Example: set oss_fdw.rds_read_one_file = 'oss_test/example16.csv.1';
set oss_fdw.rds_read_one_file = 'oss_test/test.gz.2';
select * from oss_fdw_list_file('t_oss');
name | size
--------------------------------+-----------
oss_test/test.gz.2 | 739413041
(1 rows)
oss_fdw notes
- oss_fdw is an external table plug-in developed based on the PostgreSQL FOREIGN TABLE framework.
- The data import performance is related to the CPU IO MEM MET of PPAS instances and OSS.
- To guarantee that data is correctly imported, you need to make sure that the Region of the DTS server is the same as that of the OSS server.
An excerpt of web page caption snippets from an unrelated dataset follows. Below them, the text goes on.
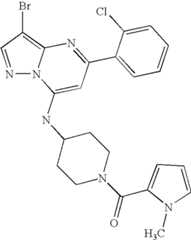 Figure US07119200-20061010-C02948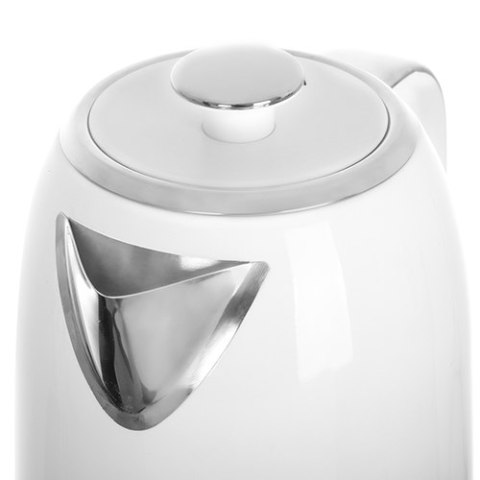 AD 1341 Czajnik metalowy 1,7 l strix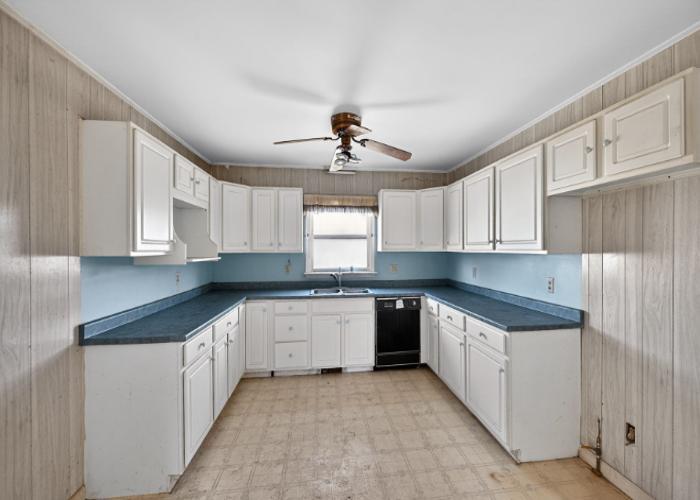 75 Pond Road South Berwick, ME 03908 - Photo 5 of 22 5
For more information, see OSS endpoint information.
- If the SQL of the external table is read,
ERROR: oss endpoint userendpoint not in aliyun white list
, we recommend that you use the endpoint shared by Alibaba Cloud in each zone. For more information, see Regions and endpoints. If the problem persists, submit a ticket.
Error handling
When an import or export error occurs, the log displays the following error information:
-
code: the HTTP status code of the request that has failed.
-
error_code: the error code returned by OSS.
-
error_msg: the error message returned by OSS.
-
req_id: the UUID that identifies the request. If you cannot solve the problem, you can seek help from OSS development engineers by providing the req_id.
For more information about error types, see the following topics. Timeout errors can be handled by using oss_ext parameters.
ID and key encryption
If id and key parameters for CREATE SERVER are not encrypted, executing the select * from pg_foreign_server
statement will display the information in plaintext. Your ID and key will be exposed.
The symmetric encryption can be performed on the id and key to hide the id and key.
(different instances use different keys to maximize the protection of user information.)
however, you cannot use methods like GP to add a data type.
The encrypted information is as follows:
postgres=# select * from pg_foreign_server ;
srvname | srvowner | srvfdw | srvtype | srvversion | srvacl | srvoptions
-----------+----------+--------+---------+------------+--------+------------------------------------------------------------------------------------------------------------------------------------
----------------------------------
ossserver | 10 | 16390 | | | | {host=oss-cn-hangzhou-zmf.aliyuncs.com,id=MD5xxxxxxxx,key=MD5xxxxxxxx,bucket=067862}
The encrypted information is preceded by MD5 (total length: len,len%8==3). Therefore, encryption is not performed again when the exported data is imported. But you cannot create the key and id preceded by MD5.